In the Orioles' kangaroo court in the clubhouse on that August day in 1969, the judge, Frank Robinson, suggested that the players petition manager Earl Weaver to play Motton in the remaining 42 games so that he would have enough at-bats to qualify.
He would have needed 12 at-bats a game.
"I remember that," said Motton, 55, a longtime Baltimore resident and a special assignment scout for the Orioles since 1991. "I got three hits against Seattle and went 4-for-5 the next night against the Angels in Anaheim -- seven hits, including two home runs, in two days. In the Kangaroo Court, it was hard for the guys to find a way to get on me."
Motton finished with a .303 average and six home runs in 89 at-bats that year, by far the most prosperous of his eight major-league seasons, all but one of them with the Orioles. He was on the right club at the right time, playing on three American League champions and one World Series winner.
In 1968, Motton tied a major-league record with two successive pinch home runs. In 1969, he won two games with pinch home runs and drove in the winning run with a single over second baseman Carew's head in the 11th inning of the second game of the AL Championship Series against the Minnesota Twins.

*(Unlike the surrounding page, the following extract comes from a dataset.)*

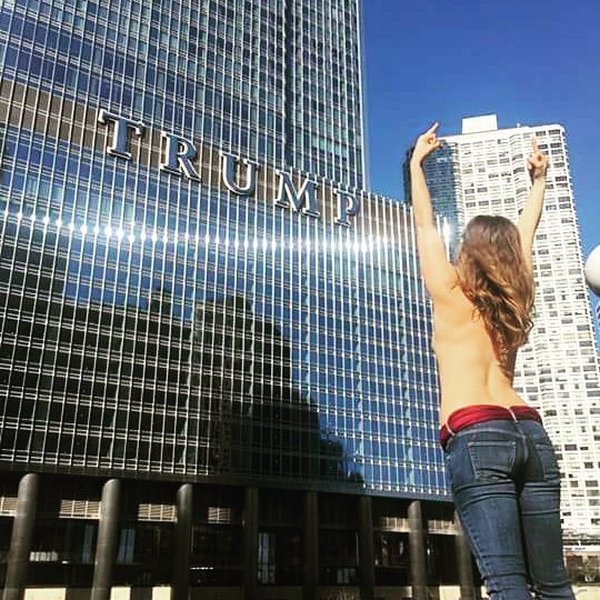 Голой жопой против Трампа Голой жопой против Трампа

"I thought Carew would catch that ball," Motton said. "It took off on a line, caught him flatfooted and he couldn't jump.
"That was a great year. The Orioles were always on a roll. We went about it in a methodical way, like a machine. We had good players at every position, and everybody had a good idea of how to play the game."
When his playing career ended, Motton dabbled in real estate ("I didn't do well"), then spent two years in sales with a liquor distributor before Robinson, then managing San Francisco, got him a job as a minor-league coach in the Giants' organization.
Motton returned to the Orioles and was a coach on the big-league and Triple-A Rochester Red Wings staffs until appointed a special assignment scout.
"I didn't know if I'd like scouting," Motton said. "Taking the uniform off was a big step. But I dug into it, and learned and improved. There's still room for growth, but I like it."